(Brief descriptive captions)
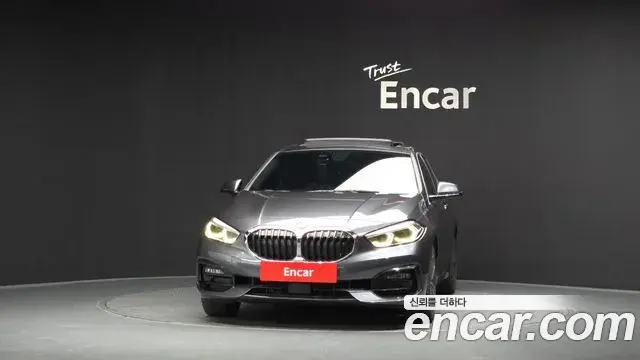 BMW 1 Series 2020 — Şəkil 8/30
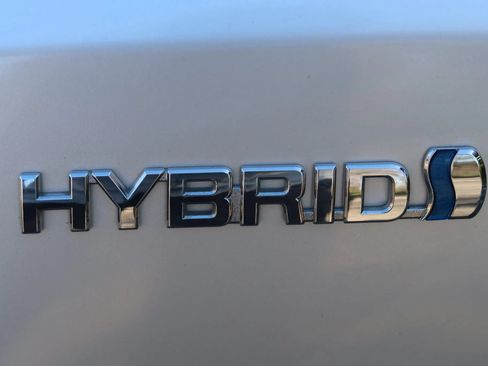Used 2012 Toyota Prius V Five w/ Preferred Accessory Pkg FWD image 24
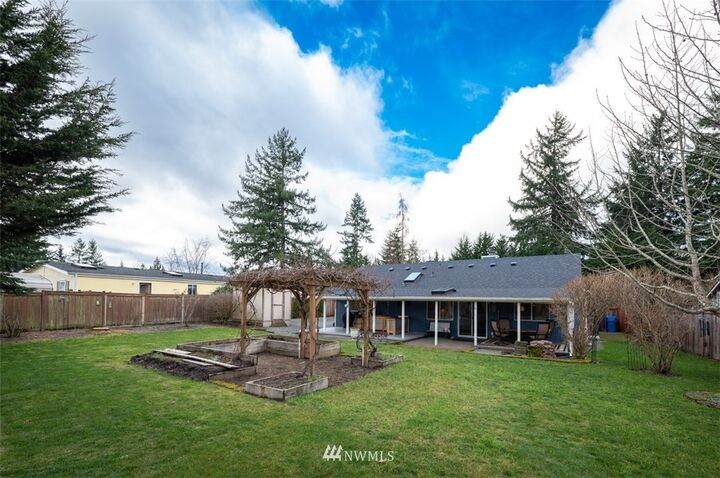Property Photo:  11913 242nd Avenue E  WA 98321 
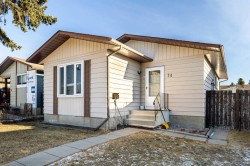 24 Bedford Road NECalgary, AB T3K 2K8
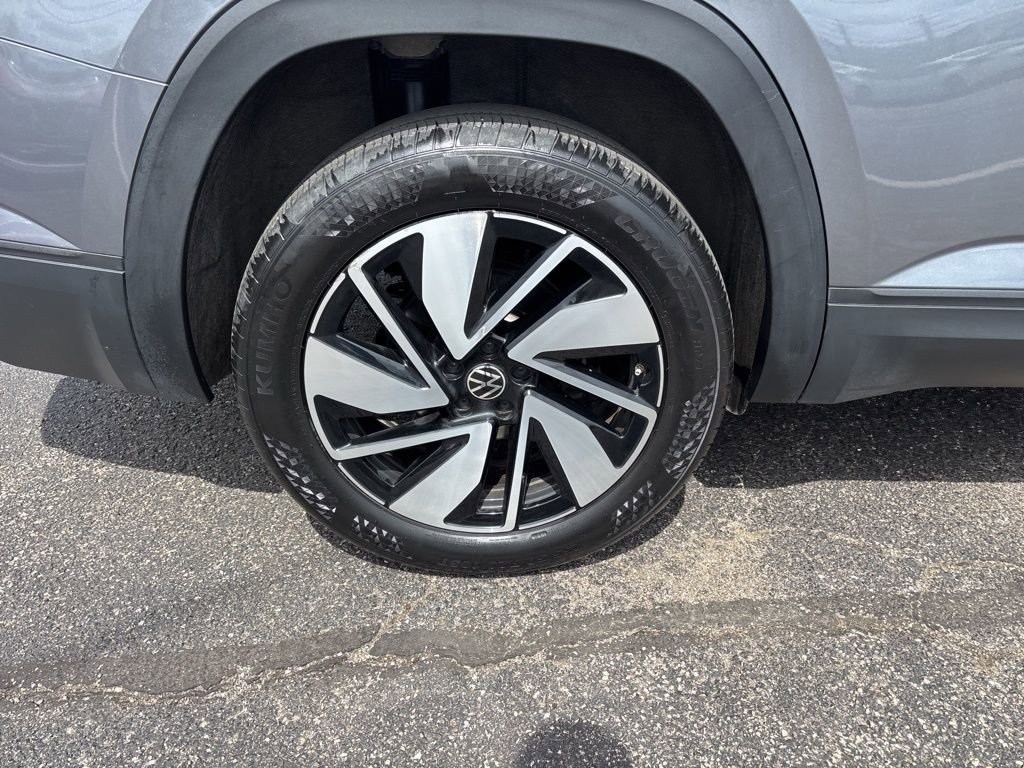 Used 2025 Volkswagen Atlas SE AWD/4WD image 10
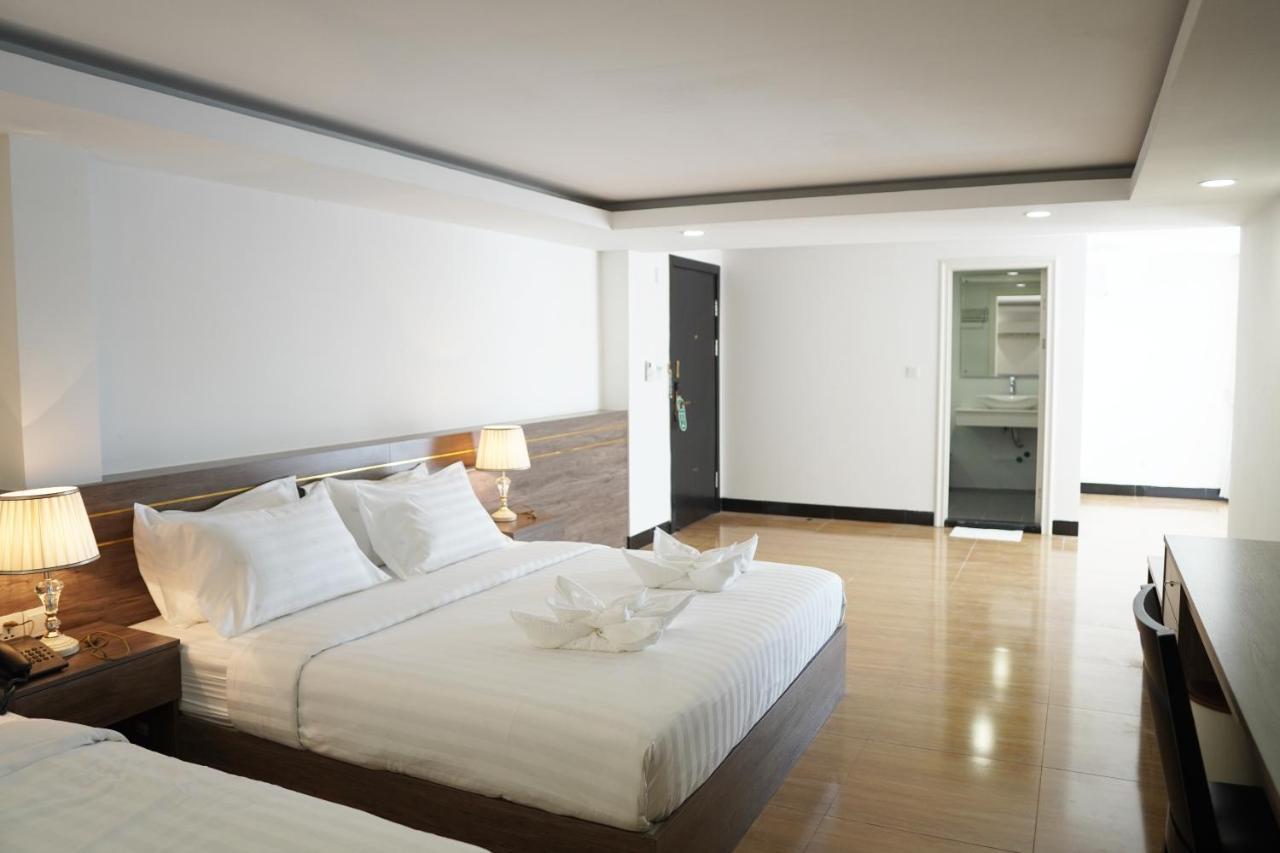 Apple Hotel Three - Near Pnh Airport Phnom Pen Exterior foto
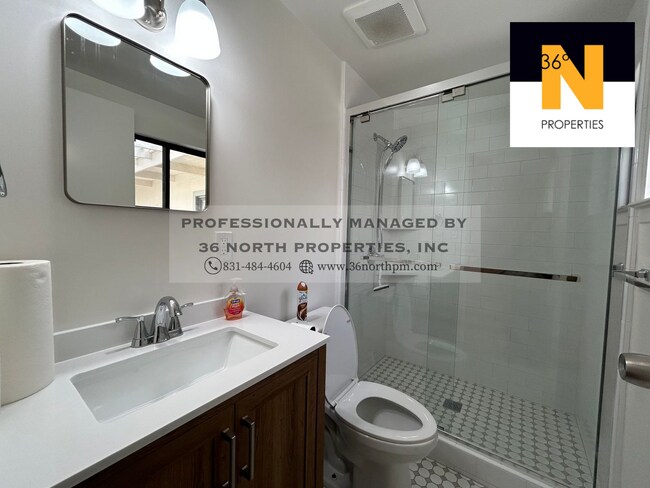 Building Photo - Charming 3 Bed/2 Bath Home with Bonus Room...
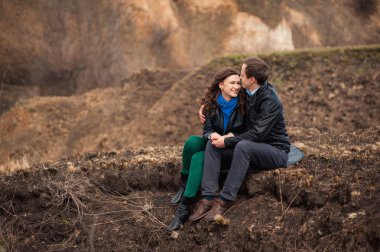  Açık havada dağ gülümseyen mutlu çift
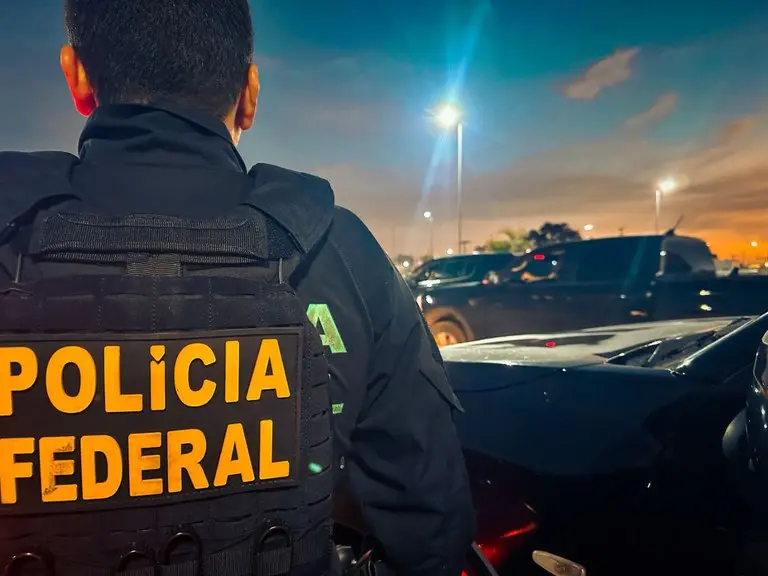 Imagem da notícia PF aborda empresário e PM após saque de R$ 4 milhões em espécie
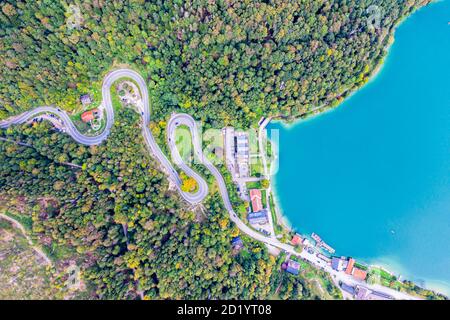 Chemin sinueux entouré d'arbres colorés dans la forêt. Vue aérienne de drone. Kesselberg Banque D'Images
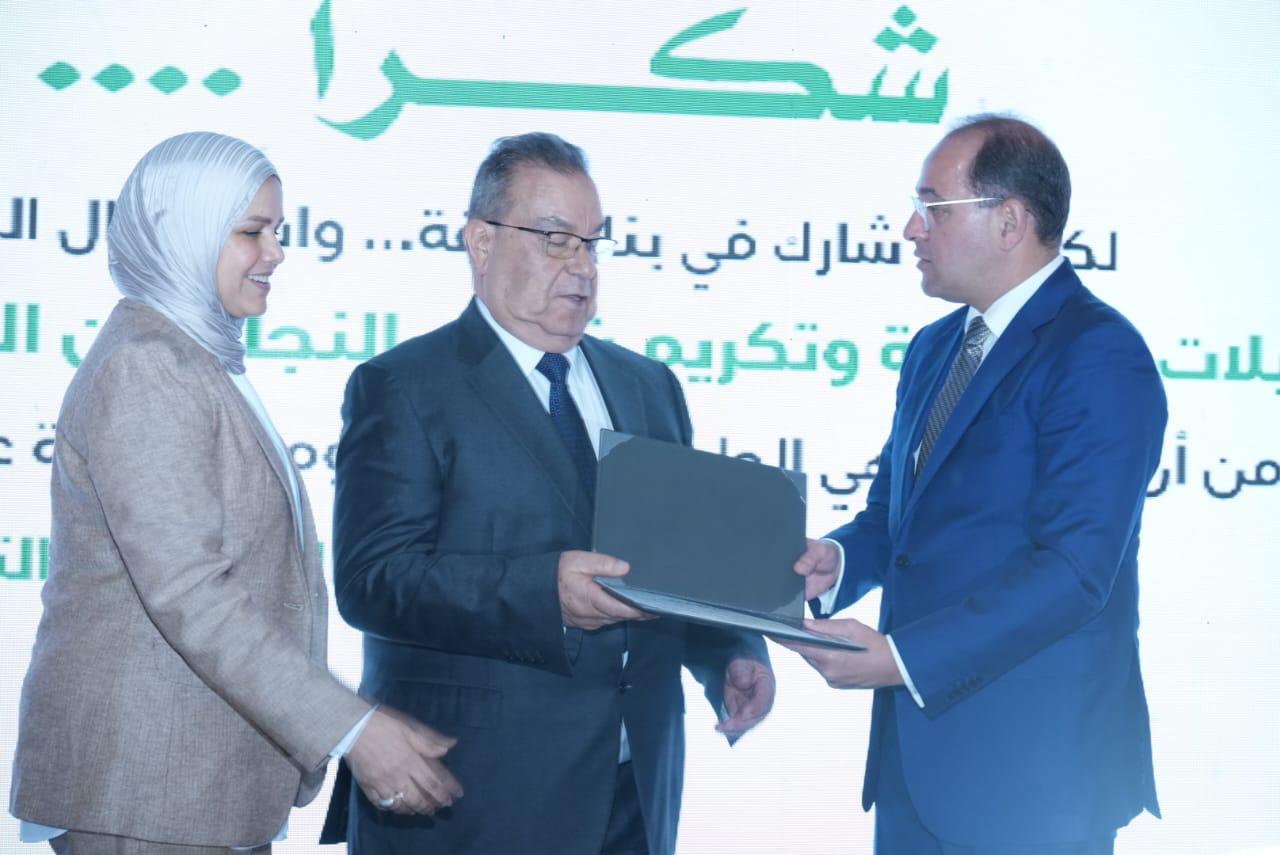 وزير المالية يكرم عددًا من الممولين المتميزين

* _YOUR OBJECTIVE_
Print the records above word for word, omitting any picture they contain.

* _SOLUTION TO THIS EXERCISE_
 BMW 1 Series 2020 — Şəkil 8/30
Used 2012 Toyota Prius V Five w/ Preferred Accessory Pkg FWD image 24
Property Photo:  11913 242nd Avenue E  WA 98321 
 24 Bedford Road NECalgary, AB T3K 2K8
 Used 2025 Volkswagen Atlas SE AWD/4WD image 10
 Apple Hotel Three - Near Pnh Airport Phnom Pen Exterior foto
 Building Photo - Charming 3 Bed/2 Bath Home with Bonus Room...
  Açık havada dağ gülümseyen mutlu çift
 Imagem da notícia PF aborda empresário e PM após saque de R$ 4 milhões em espécie
 Chemin sinueux entouré d'arbres colorés dans la forêt. Vue aérienne de drone. Kesselberg Banque D'Images
 وزير المالية يكرم عددًا من الممولين المتميزين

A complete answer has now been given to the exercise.